Donnerstag, 24. April 2014

Strohfeuer

17. Kapitel
   René war nie anders gerufen worden als bei seinem Vornamen. Selbst seine Enkel sagten niemals Opa zu ihm, und in seiner Zeit als Boss hätte er sich jegliche Spitznamen verbeten. Nun entdeckte er, dass es ihm irgendwie schmeichelte, von Peggy Papù genannt zu werden. Aber wenn man ihm, dem Werbeprofi, schon eine „Marke“ zu seinem Image verpasste, wollte er herausfinden, wie das Bild entstanden sein könnte.

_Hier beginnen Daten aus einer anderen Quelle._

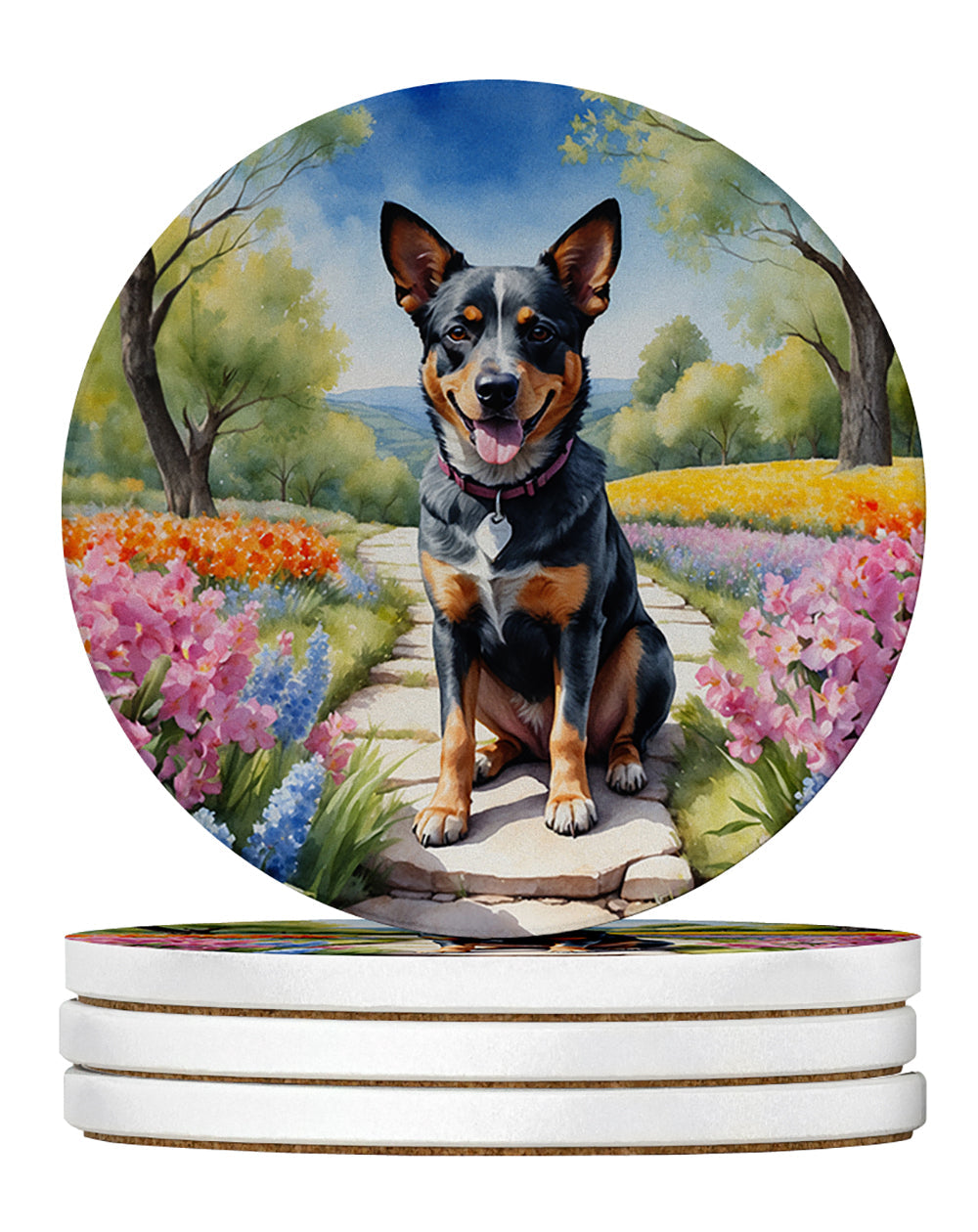 Australian Cattle Dog Spring Garden Large Sandstone Coasters Pack of 4 Absorbent Round Coasters Decor Gifts for Men or Women, 4 in, Multicolor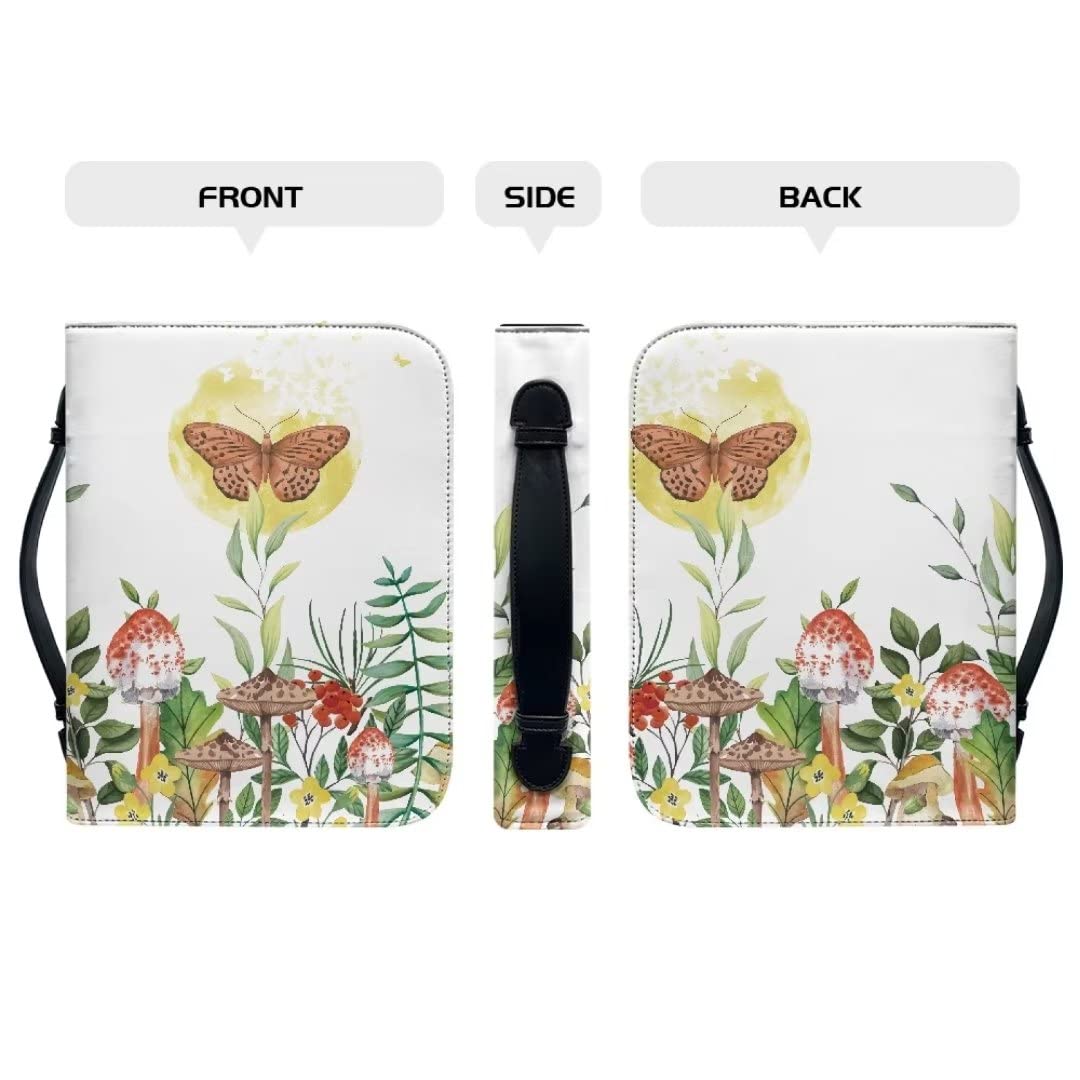 Floral Butterfly Mushroom Bible Cover for Women & Men - 11.2x8x2.2 Inch Leather Zippered Church Bag with Bookmark & Pocket - Perfect Gift for Bible Study, Church Services & Travel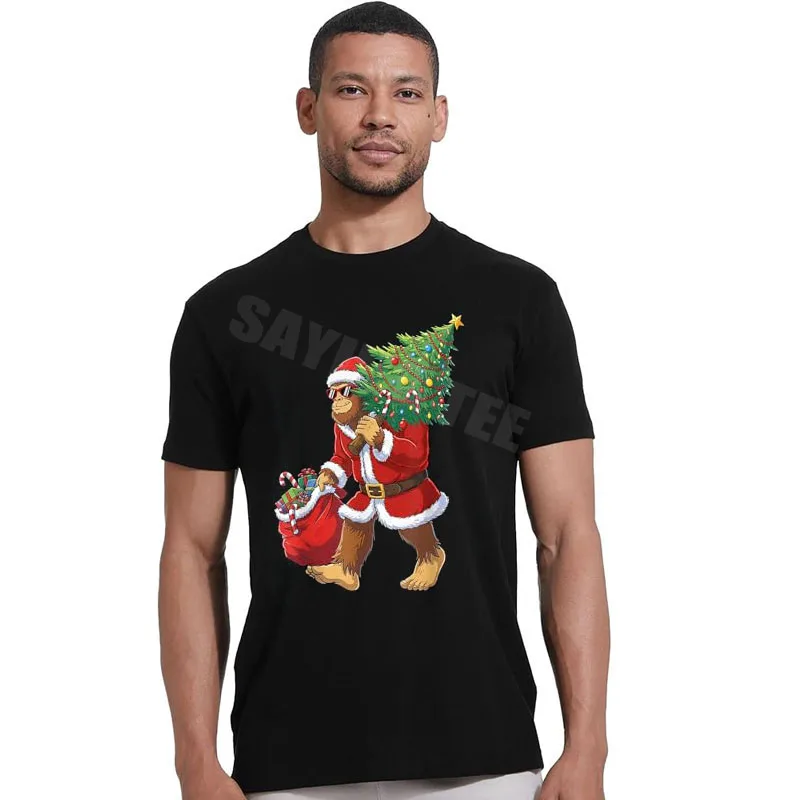 Bigfoot Christmas Tree Lights Boys Men Sasquatch Lovers Xmas T-Shirt Y2k Fashion Holiday Party Clothes Rock Funny Novelty Gift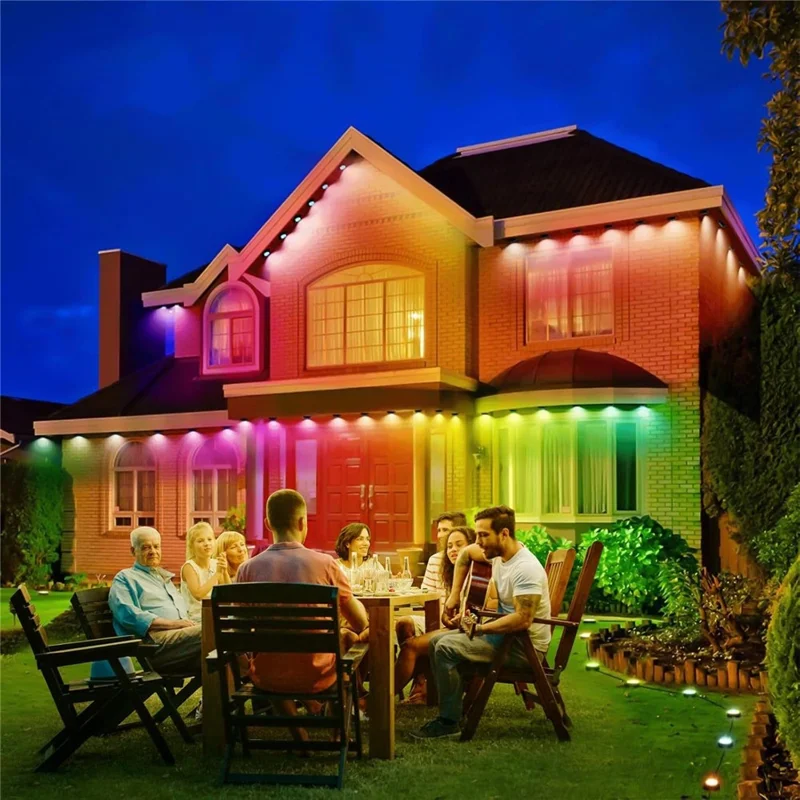 WY021 45m 90-LED Luce da esterno intelligente per grondaie Impermeabile Controllo app Stringa di luci RGB Lampada ambiente - Spina USA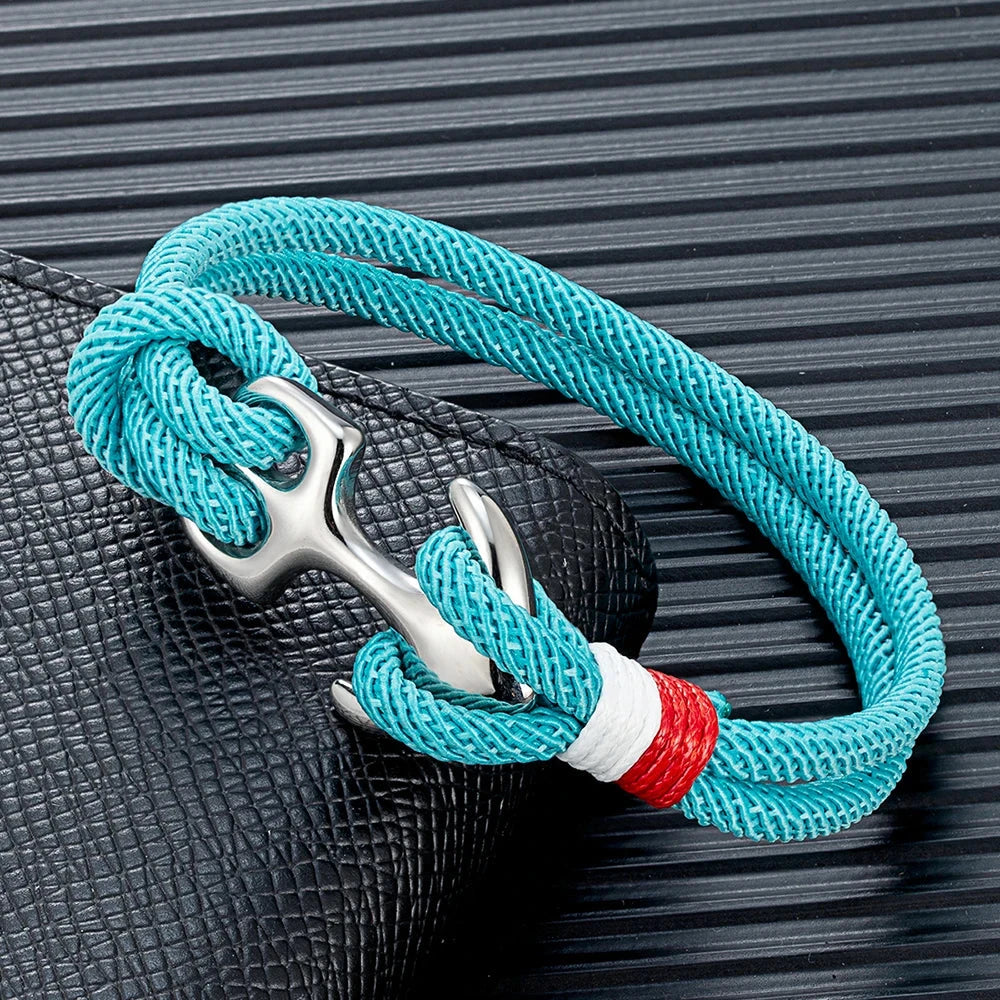 Nautical Survival Bracelet  Dual Rope with Stainless Steel Anchor deideas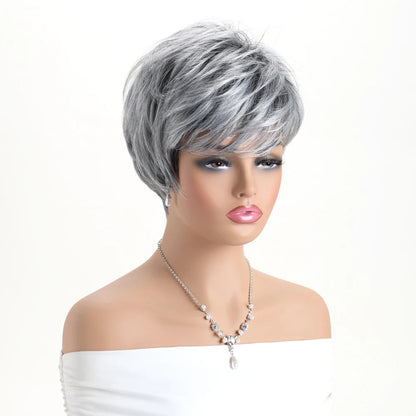 Short natural wigs with bangs, soft hair for mom, daily use, short gray ombre curly synthetic hair, costume party wig for women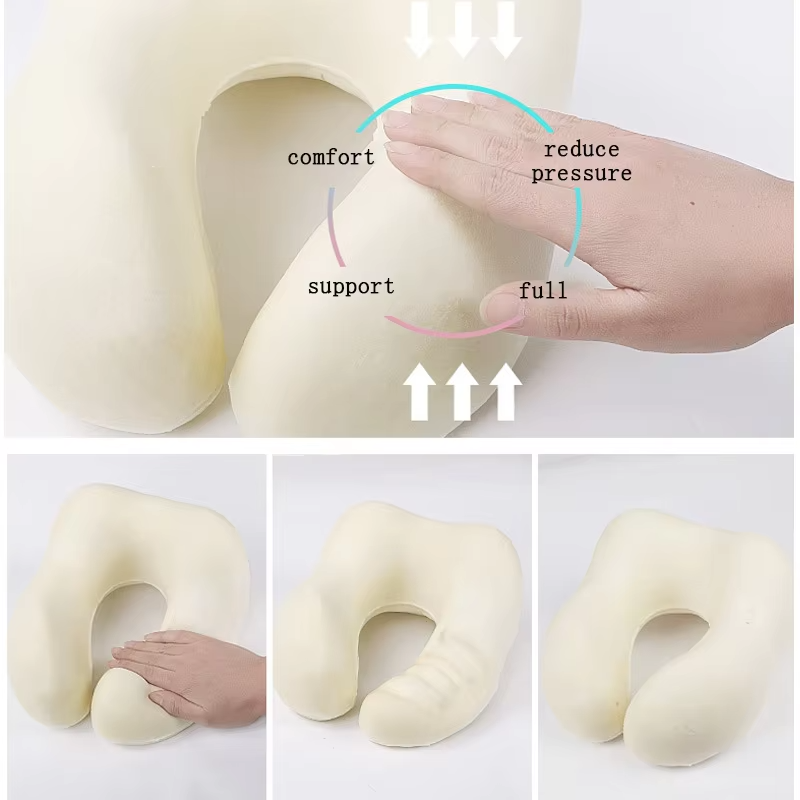 Kid Kid U-Shaped Memory Foam Neck Pillow for Naps Travel Slow Rebound 360° Support Neck Pillow with Removable Cover for Children
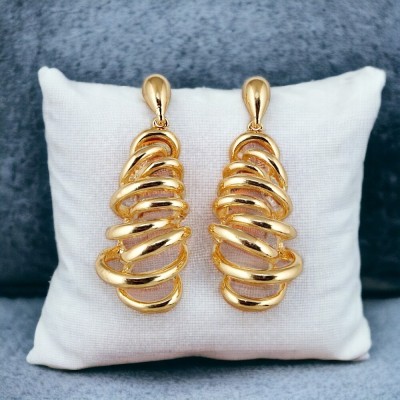 Lucky Jewellery Designer 18k Gold Plated Spiral Dangle Hanging Earrings For Girls & Women Brass Tassel Earring
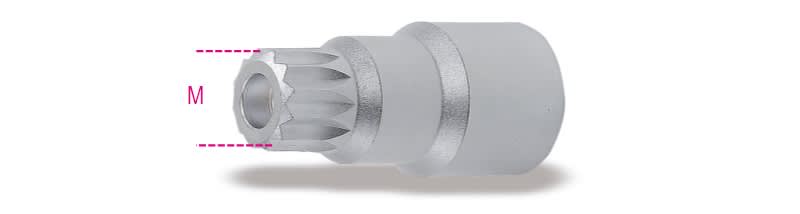 BETA - Chiave a bussola maschio con profilo XZN per tappi olio motore 1/2 XZN16.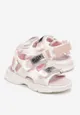 Biało-Różowe Sandały na Rzep z Wkładką ze Skóry Naturalnej Dymena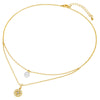 Kette gelbgold Synthetische Perle weiß Glas weiß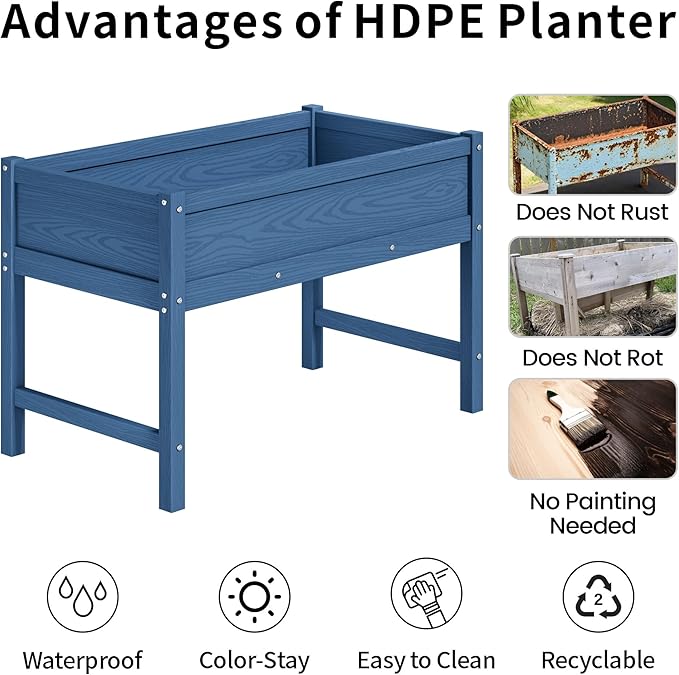 HDPE Raised Garden Planting Bed with Legs,Garden Boxes Outdoor Raised with Drainage Hole Rot-Resistant,Raised Beds for Gardening for Backyard, Patio, Balcony 300 lb Capacity (Navy)
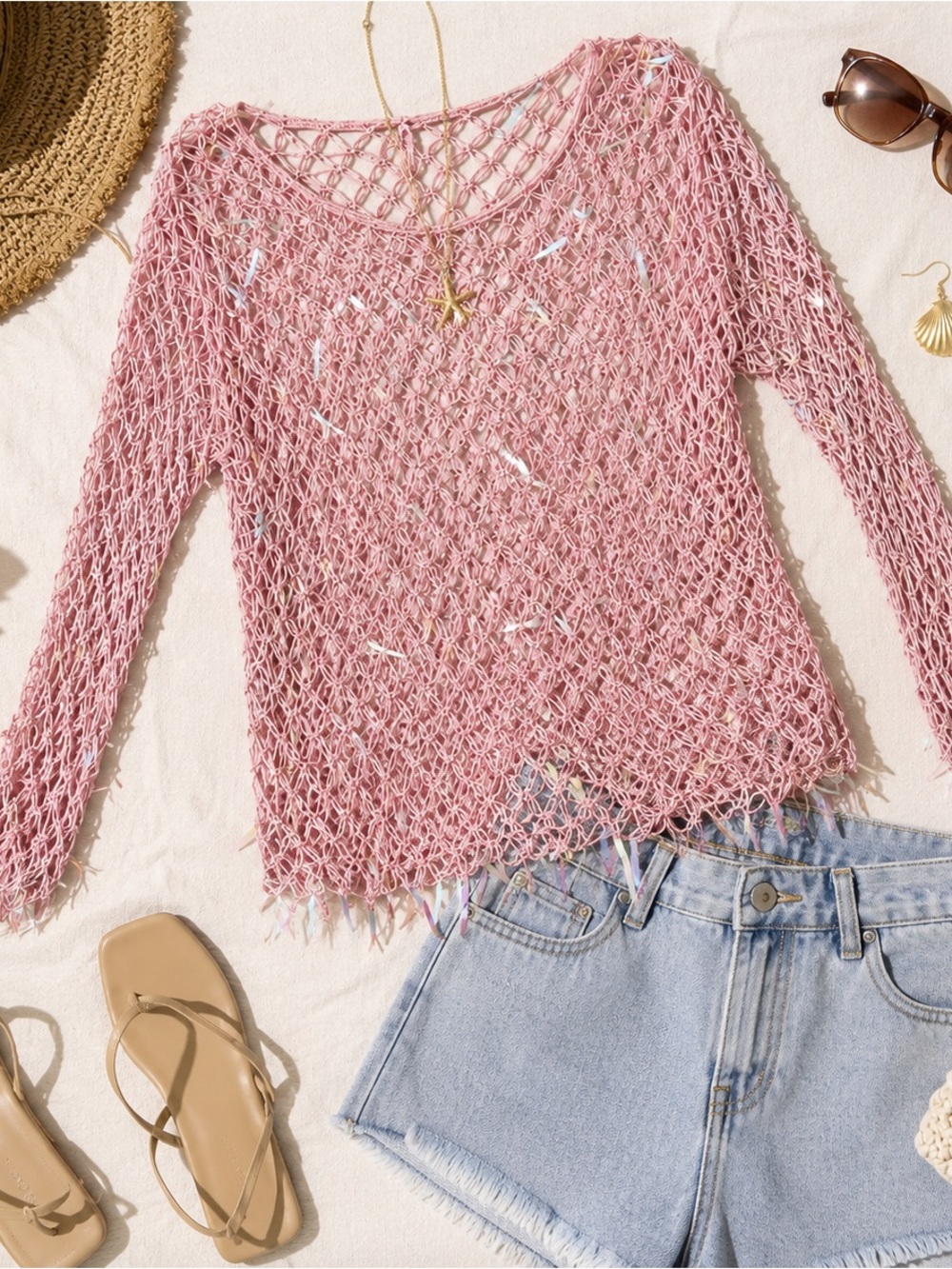 Y2K Fairycore Pink Crochet Mesh Sequin Top Sheer Fishnet Knit Festival Boho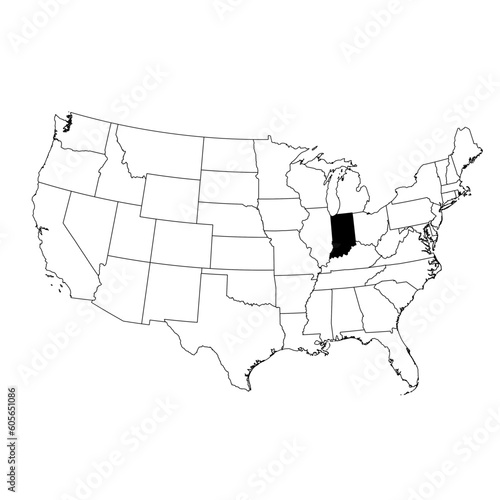 Vector map of the state of Indiana highlighted in black on the map of the United States of America.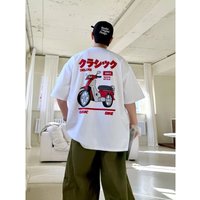 Honda men's and women's motorcycle T-shirt Summer new Car Logo Crew Neck Punk casual trend retro short-sleeved top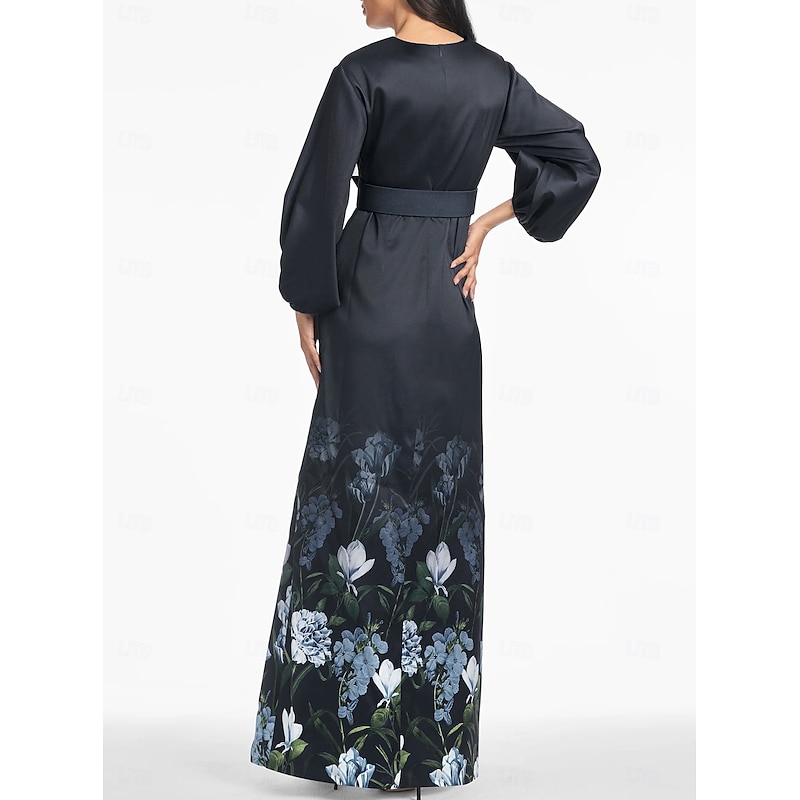 A-Line Mother of the Bride Evening Gown Elegant Dress Formal Wedding Floor Length Short Sleeve V Neck Pocket Satin with Floral Print3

     Im Internet-Versand-Handel hatte er sich noch kurz vor der Abreise eine DVD von dem Film „Gandhi“ mit Sir Ben Kingsley besorgt. An einem Regentag besah er sich das Epos von mehr als drei Stunden Länge dreimal hintereinander. Zunächst im Original auf Englisch. Da entgingen ihm zwar die Feinheiten der Dialoge, aber die Arroganz der britischen Besatzer kam besser rüber. Die französische Synchronisation lieferte ihm zwar das Verständnis für die Fakten, aber eine Ahnung, was Peggy so beeindruckt haben könnte, in ihm, René,  ihren Papù zu entdecken, gab ihm die deutsche Version des Films.
    Er war schon mit hohem Tempo im Tunnel unter dem Ärmelkanal unterwegs, als ihm klar wurde, dass Peggys Identifikation nicht allein ihm, sondern auch ihr selbst galt. Es ging um eine Sichtweise auf mögliche Arten des Miteinanders zwischen Mann und Frau, die über Begierde und Verlangen rangierte, bei der es vielleicht um das Teilen von Aura ging. Sex und Erotik – so schrieb er es jedenfalls in einer Mail an Johannes – spielten dabei eine weitaus kleinere Rolle als die geistige Hingabe im Bewusstsein die Seelen in Gleichklang zu bringen. Indem Peggy ihn Papù nannte, wollte sie nicht auf eine äußerliche Ähnlichkeit Renés anspielen, sondern auf ihre Rolle in dieser amour fou.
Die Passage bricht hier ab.